Linda Rising – Opening Keynote
The opening keynote was awesome. Linda talked about Agile Mindset, what it is and how we can shape it. She gave some examples of how we can influence the mindset of other people by use of proper words or deliberately formulated sentences in one way or another.
Another important takeaway from this presentation is that in case of self-development it does not matter how intelligent or talented you are. The mindset we have while doing things and learning is what matters the most. Linda presented results of an experiment where youngsters with fixed mindset which could be defined as a mindset of the person who is always winning (teacher told them: “You are very smart”, “You are better than others”) after few iterations of solving different problems had worst results than people with “Agile” mindset (teacher told them: “Oh, you must have been working very hard to get this result, what could you do to have a better score next time?”).

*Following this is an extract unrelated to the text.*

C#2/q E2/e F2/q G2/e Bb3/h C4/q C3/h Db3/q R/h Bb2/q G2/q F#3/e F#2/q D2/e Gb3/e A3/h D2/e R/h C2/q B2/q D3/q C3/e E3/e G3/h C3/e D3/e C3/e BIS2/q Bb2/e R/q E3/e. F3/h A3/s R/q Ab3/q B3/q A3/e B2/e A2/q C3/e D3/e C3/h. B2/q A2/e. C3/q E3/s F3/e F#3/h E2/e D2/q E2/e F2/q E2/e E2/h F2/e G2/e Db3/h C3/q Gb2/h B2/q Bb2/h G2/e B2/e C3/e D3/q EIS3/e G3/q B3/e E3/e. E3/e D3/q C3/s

Can you see the difference? Later I asked Linda what about adults because it might be easier to shape kids mindset than the mindset of the experienced adult person. This kind of neuro-linguistic programming is effective in a short period of time and it is very difficult to change people’s mindset for a long period of time. You can continuously coach them using this method and help them keep this Agile Mindset.
Opening Keynote was exactly as opening keynote should be – it was extremely inspiring, it shaped other speakers and participants mindset and opened our minds for new ideas.

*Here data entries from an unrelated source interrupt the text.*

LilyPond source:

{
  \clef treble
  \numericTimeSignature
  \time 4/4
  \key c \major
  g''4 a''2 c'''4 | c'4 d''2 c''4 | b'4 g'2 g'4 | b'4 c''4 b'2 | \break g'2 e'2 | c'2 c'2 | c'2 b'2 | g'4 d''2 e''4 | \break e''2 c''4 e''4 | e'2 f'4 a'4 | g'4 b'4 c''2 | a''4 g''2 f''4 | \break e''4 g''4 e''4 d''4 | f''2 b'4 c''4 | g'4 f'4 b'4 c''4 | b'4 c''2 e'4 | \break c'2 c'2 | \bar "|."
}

Coach Mindset and who is your Client?
During the dinner, we had a great discussion with few speakers and conference participants about Coaching, Non-Violent Communication and Coach Mindset. I have learned from Paul Klipp and Pierluigi Pugliese that when you are angry (or feel any different emotion) on someone or on what someone did, you are in fact not angry on that person, but on what you think about that person or why that person did what he did. You can teach yourself how to be aware of that feeling – your body reacts to different emotions in different ways. For example, I discovered that when I am frustrated I can feel the tension in my back. This is a signal for me that “I am frustrated right now and I am probably behaving like a frustrated person – stop, be rational, behave rationally!”.

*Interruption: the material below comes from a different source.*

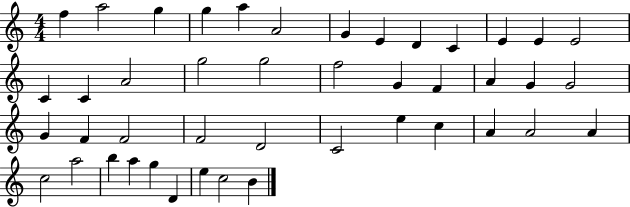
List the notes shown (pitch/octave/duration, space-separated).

F5/q A5/h G5/q G5/q A5/q A4/h G4/q E4/q D4/q C4/q E4/q E4/q E4/h C4/q C4/q A4/h G5/h G5/h F5/h G4/q F4/q A4/q G4/q G4/h G4/q F4/q F4/h F4/h D4/h C4/h E5/q C5/q A4/q A4/h A4/q C5/h A5/h B5/q A5/q G5/q D4/q E5/q C5/h B4/q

Another great discussion we had together with Pierluigi and Andrea Provaglio. It was about Coach Mindset in the context when you as a coach are in the “triangle” between people who are paying you and the person who is coached by you. The employer pays for coaching of his employees.
The problem starts when those two people have different, often opposite goals.
My conclusion was that if you as a coach found yourself in such a situation it means that you found a different kind of problem. Probably the organization you are working for hired people whose values are totally different than the organisation’s values.
Listen, Listen, Listen.
Listening – this is something which I learned from Paul’s Klipp presentation. Letting others say what they have to say is probably one of the best ways to improve the way they think. We are great thinkers but we are often not thinking well because the environment does not allow us to do it well. There are two things which you need to do if you want to be a good listener:
- Stop talking
- Stop thinking about talking
Both seems to be easy but in fact, they are not. I will not tell you more about it because Olaf Lewitz already wrote a great summary of this presentation made by Paul at Agile Lean Europe 2014. If you want to learn more read the articles and look for opportunities to see Paul talking about this topic at various conferences and events around the world.
Agile Prague 2014 – final Conclusion
Agile Prague was a great conference! As always I have learned the most from conversations with other people – participants, speakers, organizers even the driver who picked me up at the airport. So my recommendation for all of you is: always take every opportunity to talk with other smart people about things which you love to do!